Depends how long the gap is. My usual places do free retests if it's within a week or so. -- Krusty www.MuddyStuff.co.uk Off-Road Classifieds '02 MV Senna '03 Tiger 955i '96 Tiger '79 Fantic Hiro 250
Was taken back within 5 days, but retest was not done for possibly another 16 days, because of wrong parts ordered. I paid for the MOT when I first collected the bike and now I've just seen it charged for again on the invoice I paid for yesterday (I realy should read what I am paying for at the time). It only failed on a binding rear brake, which they fixed, they also did a 40k service, total cost £378.
Not really. The exemption still only applies to certain items: "...If the vehicle is brought back to the same Testing Station by the end of the next working day for one or more of the following items only, a partial re-examination is again required and this re-examination is also free: Bonnet, boot lid, brake pedal anti-slip, direction indicators, doors, dropsides, fuel filler cap, hazard warning, horn, lamps, loading door, mirrors, rear reflectors, registration plates, seatbelts (but not anchorages), seats, sharp edges or projections, steering wheel, tailboard, tailgate, vehicle identification number (VIN), windscreen and glass, windscreen wipers/washers, wheels* and tyres*..." So if it's for welding, suspension, brakes, emissions, exhausts then it will be re-charged. Same as it always was.
An MOT failure because of a brake fault requires a full re-test of EVERYTHING and it's not free. You weren't ripped off or double charged, you were simply charged for the work done. (The work being another MOT test) -- Beav VN 750 Zed 1000 OMF# 19
You need to read the article, particularly: "If a vehicle does not qualify for a partial re-examination as listed above, a full re-examination is required and a full fee may be charged." So, if it fails on a brake fault and you take it off the premises a full fee may be charged.
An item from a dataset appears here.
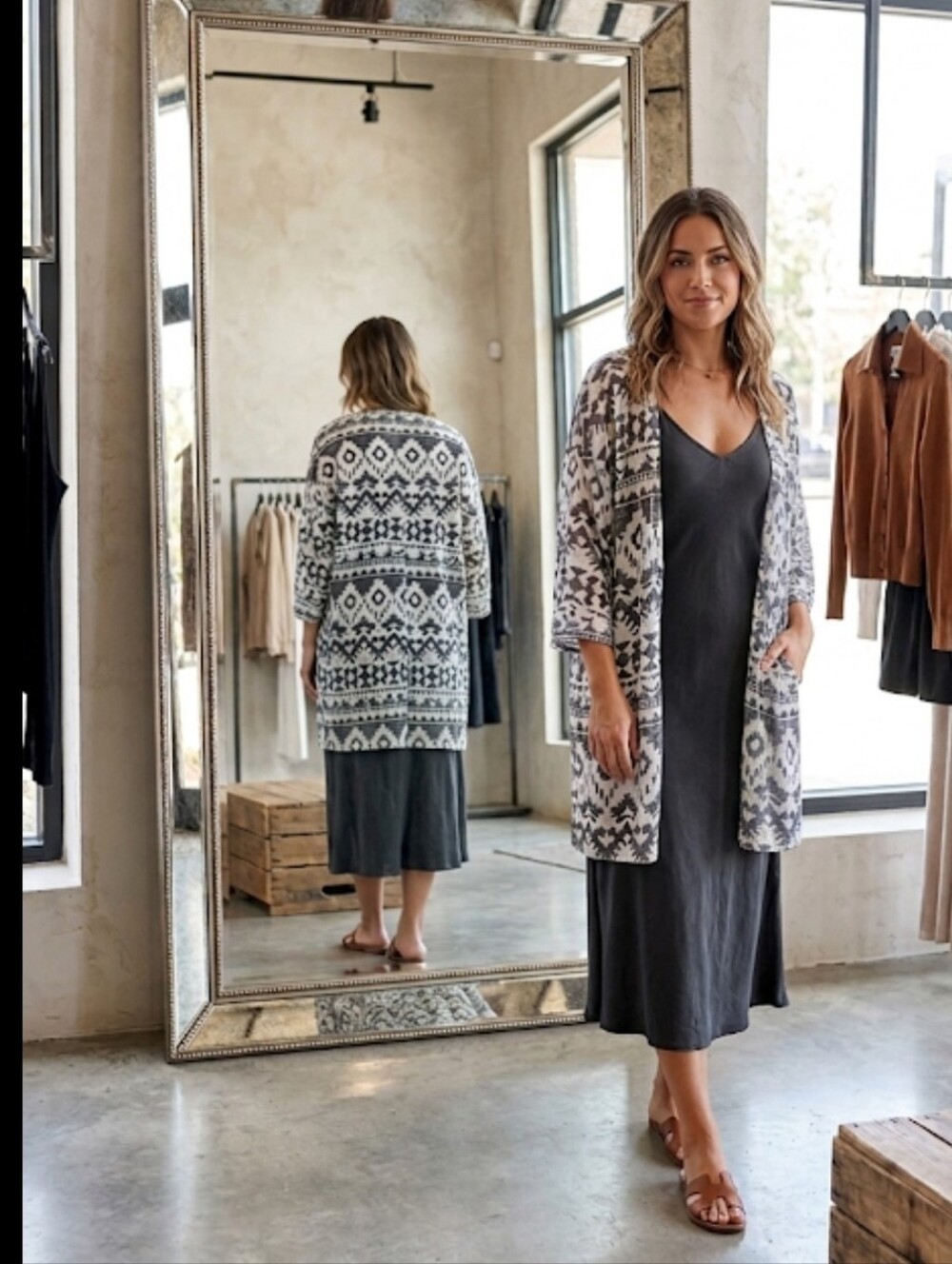 Aztec open front kimono Duster coverup M Eyeshadow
This hasn't changed from the previous arrangements.
Yes, left it on, no problem. They where impressed and asked where I got it from. I'll be taking the nose off this weekend and fitting the main beam HID and a nautilus horn well as . On the subject of lights, I see Osram have the night breaker 90% brighter halogens (road legal) as an answer to the Philips X-Treme 80% brighter and on ebay they are about half the price.
Good to know, thanks. Just fitted one H4 on the ST1100 last night. Very impressed I am. I tried some fancy Philips bulbs in a cage once. I didn't notice any appreciable increase in the light, and they both blew within a couple of months ISTR.
Using the patented Mavis Beacon "Hunt&Peck" Technique, Drew.H I've said this before, but the fitting of overly-bright (and usually badly-aimed) headlights is purely fucking antisocial and dangerous.
Using the patented Mavis Beacon "Hunt&Peck" Technique, Hog The case for the prosecution rests, m'lud.
TBF a lot of people do flash the Porker at night (feed lines R Us), next service I shall get them angled down a little over stock, but you just cannot knock being on the right side of them. My Bandit with the twin Cibies and Osram Silverstars is almost as good, people flash that as well. Jumping on the ST4S which has good lights by bike standards is shit by comparison and 10mph slower at night.